Search code examples
authenticationweb-scrapingpython-requestssession-cookies

how to figure out how to authenticate myself using http requests


I am trying to log in to a site using requests as follows:

s = requests.Session()
login_data = {"userName":"username", "password":"pass", "loginPath":"/d2l/login"}
resp = requests.post("https://d2l.pima.edu/d2l/login?login=1", login_data)

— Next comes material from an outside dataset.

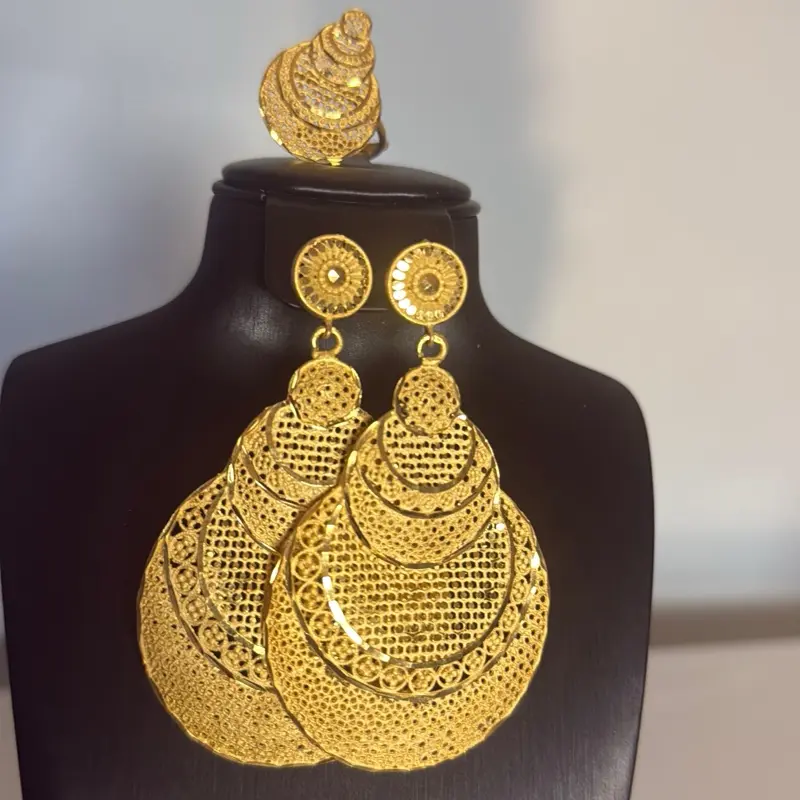 Gold plated 24k earrings+ring / banlges set beautiful to wear for any events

although I am getting a 200 response, when I say

print(resp.content)
b"<!DOCTYPE html><html><head><meta charset='utf-8' /><script>var hash = window.location.hash;if( hash ) hash = '%23' + hash.substring( 1 );window.location.replace('/d2l/login?sessionExpired=0&target=%2fd2l%2ferror%2f404%2flog%3ftargetUrl%3dhttp%253A%252F%252Fd2l.pima.edu%253A80%252Fd2l%252Flogin%253Flogin%253D1' + hash );</script><title></title></head><body></body></html>" 

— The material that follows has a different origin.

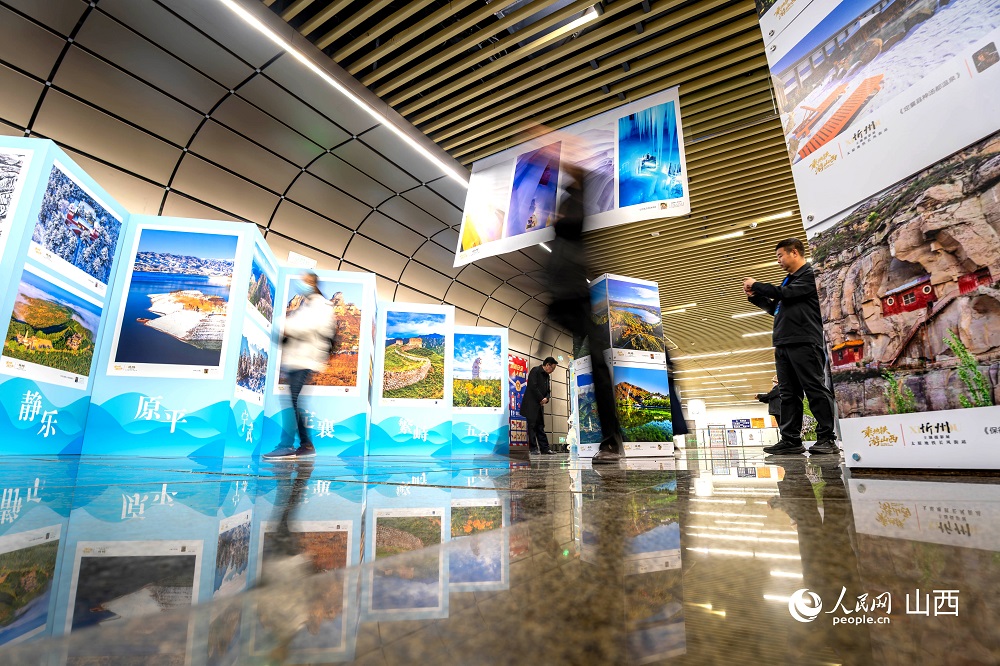 觀眾正在欣賞攝影作品。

notice it says session expired. What I've tried: logging back out and in in the actual browser, no success. http basic auth, no success.

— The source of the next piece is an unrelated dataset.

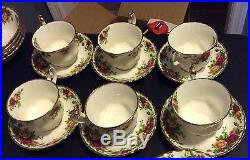 Royal Albert OLD COUNTRY ROSES Pattern 52 Pc. Excellent Condition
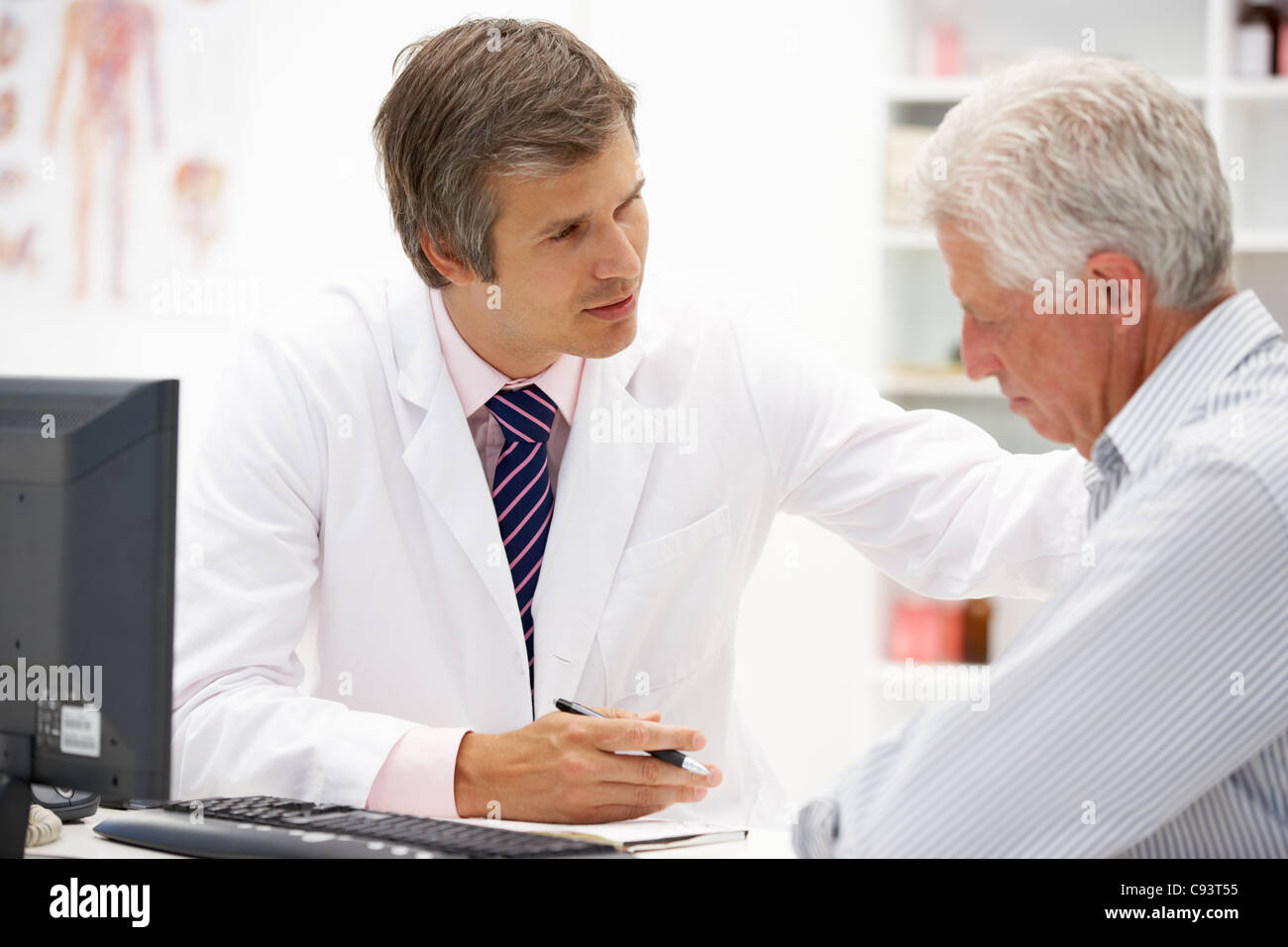 Arzt mit älteren Patienten Stockfoto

I'm thinking maybe I need to authenticate myself to this site using cookies?

If so how do I determine which cookies to send it?

I tried figuring this out by saying

resp.cookies
Out[4]: <RequestsCookieJar[]> 

shouldn't this be giving me names of cookies? I'm not sure what to do with such output. Main Point: HOW DO I FIGURE OUT HOW TO AUTHENTICATE MYSLEF TO THIS WEBSITE? Help is appreciated. I would rather not use selenium.


Solution

  • From loading this page https://d2l.pima.edu/d2l/login and viewing its source, you'll notice the POST target path is /d2l/lp/auth/login/login.d2l. Try using that as your POST path. Your other fields look consistent with the form's expectations.

    Note: with python requests if you create a session object use it to make your requests:

    resp = s.post(<blah blah>, login_data)
    

    The session will hold any cookies set by the login server, and you can continue to use the s object to make requests in the authenticated session.